Quote from: carillion;162164
Define 'blood sacrifice'. Perhaps give it a context.

 
I re-read the article to get a sense of how the author is defining "priest."  It's somewhat vague, but these are some excerpts:

The priest emerges out of primeval perceptions of blood as the substance of life, purity and righteousness. We are able to verify that this conception is very old because it has a wide linguistic dispersion.[4] The Hebrew root “thr” = to be pure, corresponds to the Hausa/Hahm (West Africa) “toro” = clean, and to the Tamil (India) “tiru” = holy. All are related to the proto-Dravidian (Pakistan) “tor” = blood. These cognates point to an ancient priesthood for which purity, holiness and blood are related concepts.

Second, we know that the priest functions to mitigate blood guilt. Anthropologists have noted that there is considerable anxiety about shed blood among primitive peoples.[7] Among the Afro-Asiatics, the priesthood served to relieve blood guilt and anxiety and to perform rites of purity. The priest addresses impurities by seeking purification through blood sacrifice. He also addresses anxiety about shed blood through blood sacrifice.

Third, we know that no woman served as a priest in any official capacity. Women didn’t enter the area of the altar where blood was offered in animal sacrifice. We know this because the Afro-Asiatics, from whom we received the priestly office, believed that the blood shed by men and women were never to mix or even be in the same place. Sacred law prohibited the blood shed in killing (male) and the blood shed in giving life (female) to share the same space.


So the article says there are no examples of priestesses among Afro-Asiatics.  I have no idea if that is true or not -- that's what I was asking about.

She goes on to say:

So called “priestesses” of ancient Greece were not priests at all.
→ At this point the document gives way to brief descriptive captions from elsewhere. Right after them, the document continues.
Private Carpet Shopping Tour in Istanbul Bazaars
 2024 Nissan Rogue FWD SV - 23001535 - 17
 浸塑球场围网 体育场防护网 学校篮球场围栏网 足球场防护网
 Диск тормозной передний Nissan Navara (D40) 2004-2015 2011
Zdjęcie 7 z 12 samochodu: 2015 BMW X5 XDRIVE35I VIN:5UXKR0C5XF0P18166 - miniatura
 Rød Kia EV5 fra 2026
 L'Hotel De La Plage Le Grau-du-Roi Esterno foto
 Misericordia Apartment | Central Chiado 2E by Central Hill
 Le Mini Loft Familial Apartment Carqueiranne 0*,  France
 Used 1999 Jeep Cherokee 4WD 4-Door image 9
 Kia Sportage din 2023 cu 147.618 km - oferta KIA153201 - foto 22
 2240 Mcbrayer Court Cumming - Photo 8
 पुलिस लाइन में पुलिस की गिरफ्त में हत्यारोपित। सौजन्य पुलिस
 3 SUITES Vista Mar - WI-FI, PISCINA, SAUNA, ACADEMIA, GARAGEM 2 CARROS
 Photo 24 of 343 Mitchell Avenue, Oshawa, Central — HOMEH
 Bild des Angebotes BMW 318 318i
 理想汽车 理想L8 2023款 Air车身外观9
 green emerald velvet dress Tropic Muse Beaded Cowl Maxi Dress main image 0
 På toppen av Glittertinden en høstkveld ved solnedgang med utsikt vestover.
They were seers who pronounced oracles in a trace state, like shamans. Likewise, Shinto “priests” are also shamans as they deal with the spirits. Use of the term “priest” in both cases reveals ignorance about the different worldviews of priests and shamans [8], an ignorance (or bias?) that pervades 20th century academia.

As far as I can tell from the article a priest/priestess is associated with purity, holiness, mitigating blood guilt, and offers sacrifices (I'm assuming including blood but looking back on the altar I don't see that mentioned specifically).

Anyway, the article claims there are no priestesses amongst Afro-Asiatics.  I was just wondering if that is true or false, but the article doesn't really define the term "priest" all that clearly.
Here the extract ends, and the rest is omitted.